Collected data entries:
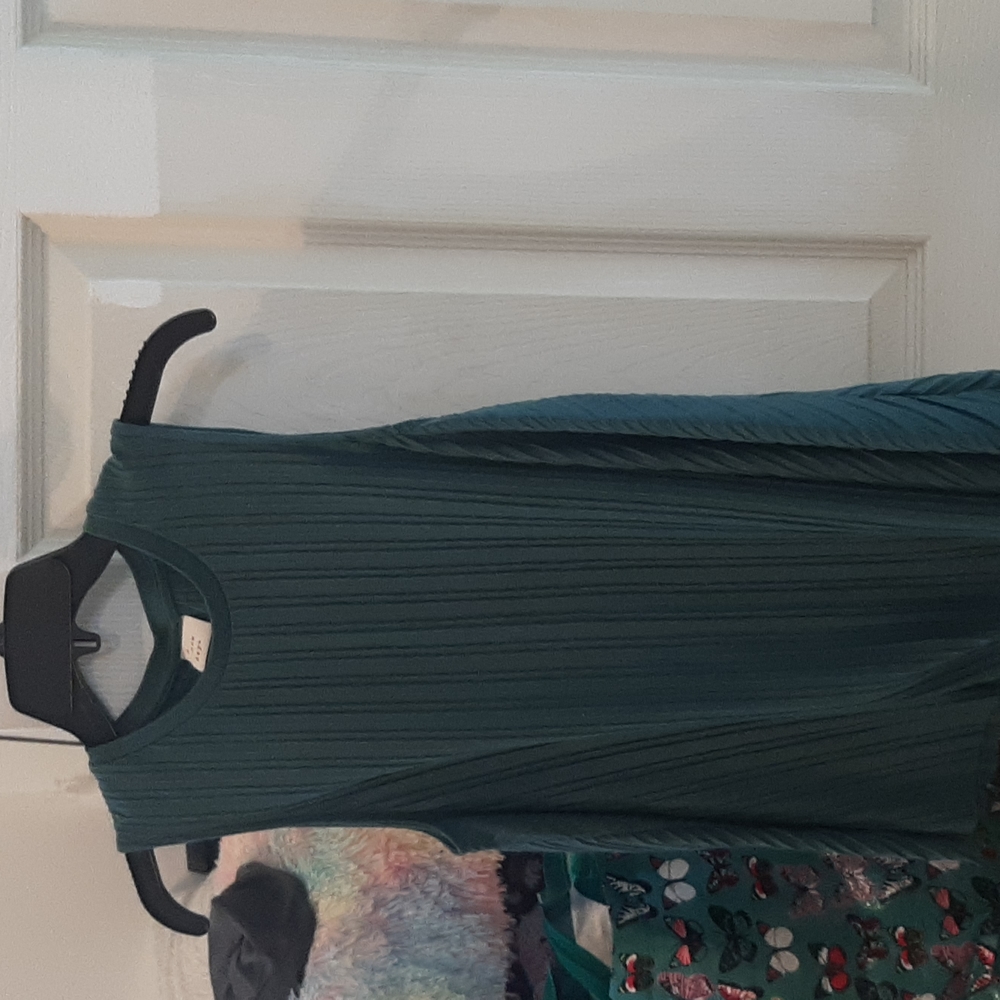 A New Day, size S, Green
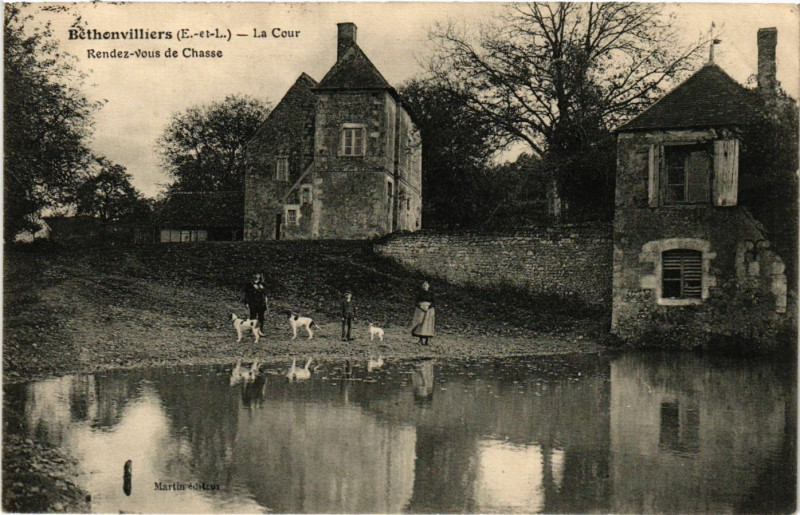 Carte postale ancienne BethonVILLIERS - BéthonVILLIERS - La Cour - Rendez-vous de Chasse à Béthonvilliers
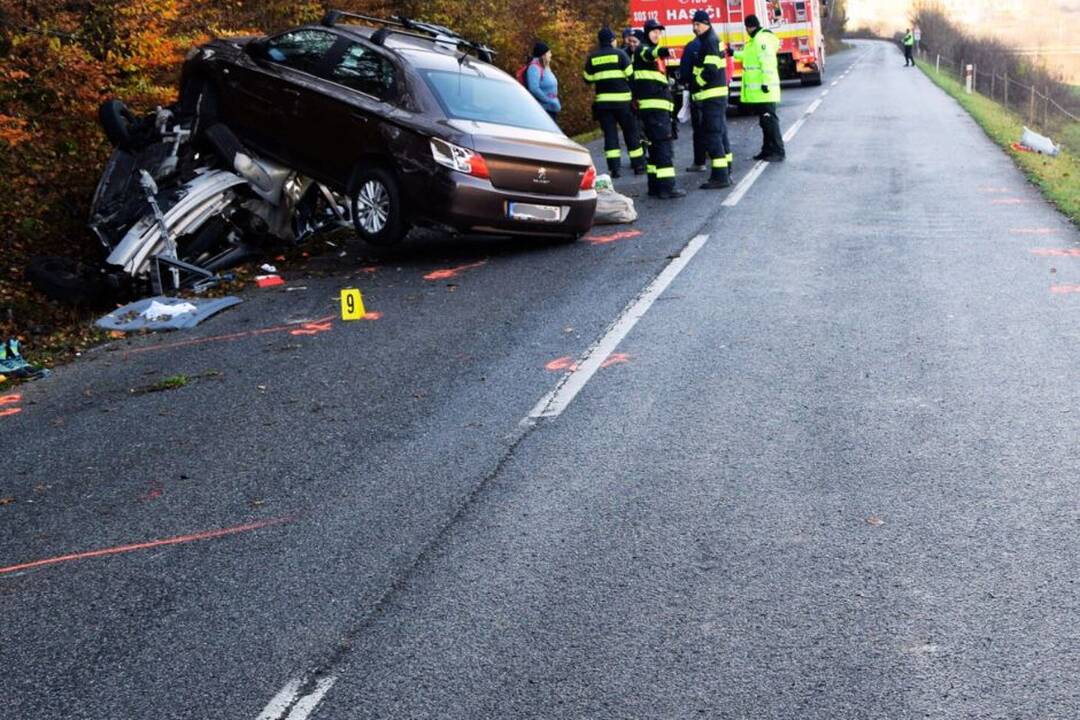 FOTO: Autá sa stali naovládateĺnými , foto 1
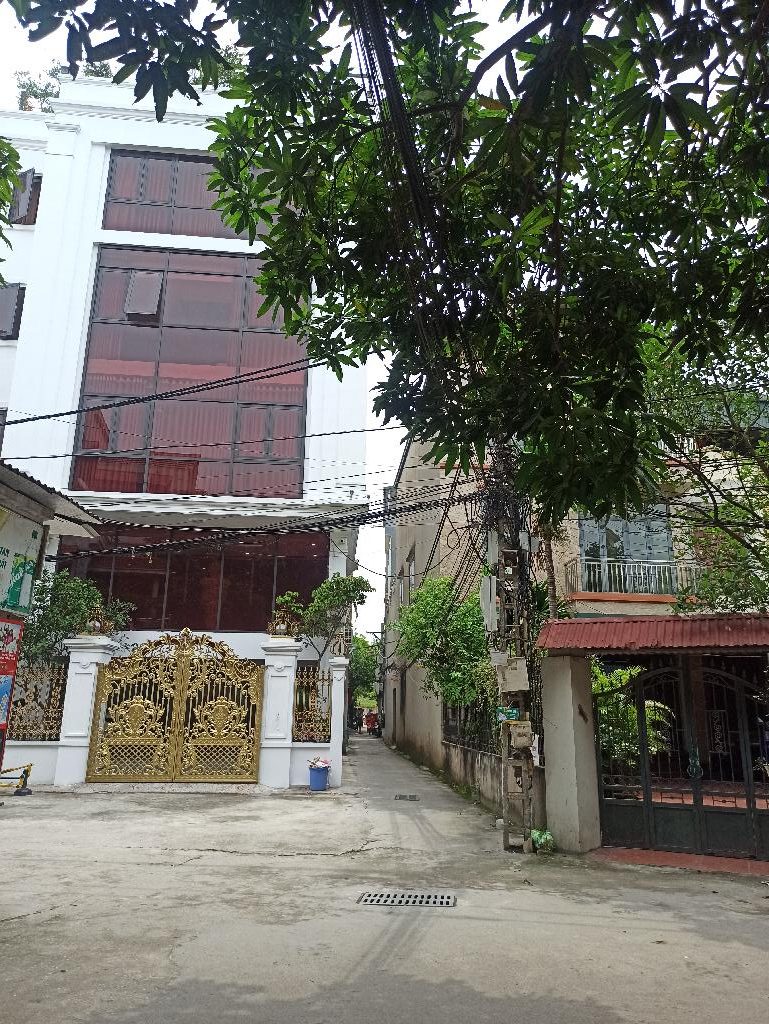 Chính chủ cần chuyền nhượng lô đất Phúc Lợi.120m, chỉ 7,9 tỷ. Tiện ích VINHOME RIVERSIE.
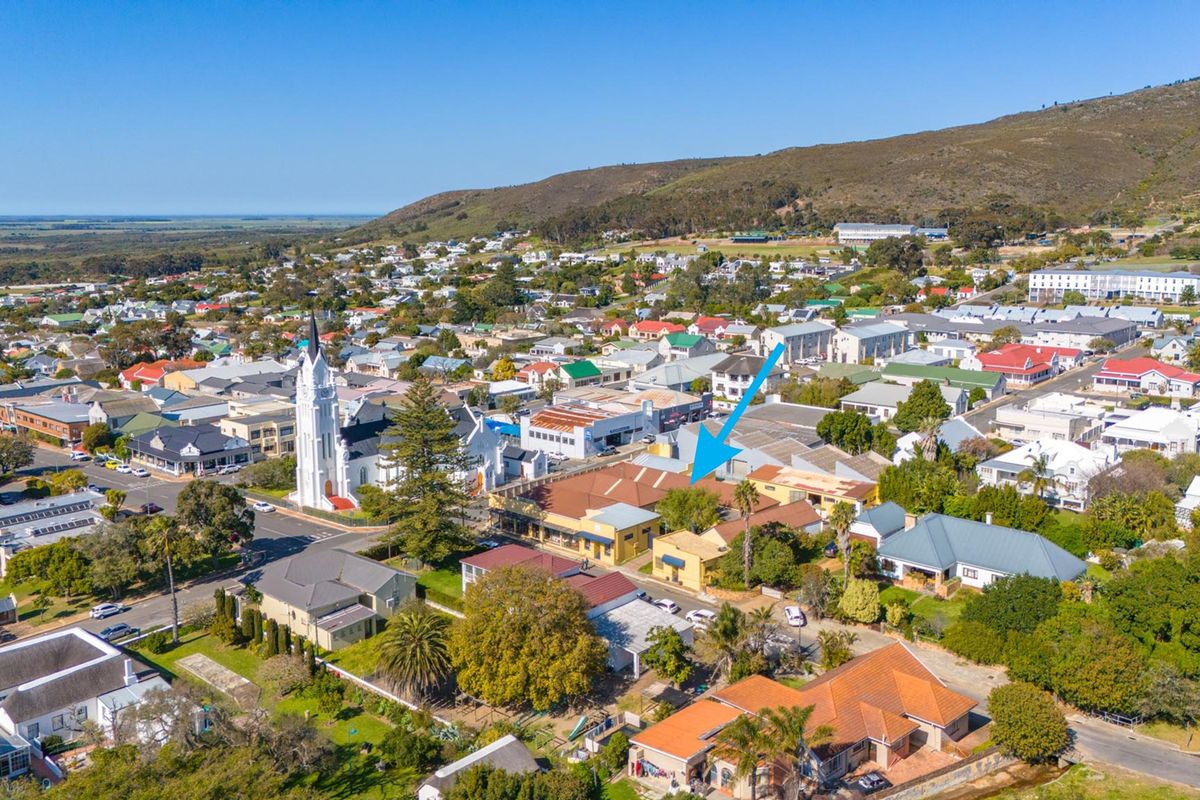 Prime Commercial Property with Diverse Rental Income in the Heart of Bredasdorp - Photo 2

What the task requires: Line by line, restate the data above exactly as it stands, minus the pictures.

Written response:
 A New Day, size S, Green
 Carte postale ancienne BethonVILLIERS - BéthonVILLIERS - La Cour - Rendez-vous de Chasse à Béthonvilliers
 FOTO: Autá sa stali naovládateĺnými , foto 1
 Chính chủ cần chuyền nhượng lô đất Phúc Lợi.120m, chỉ 7,9 tỷ. Tiện ích VINHOME RIVERSIE.
 Prime Commercial Property with Diverse Rental Income in the Heart of Bredasdorp - Photo 2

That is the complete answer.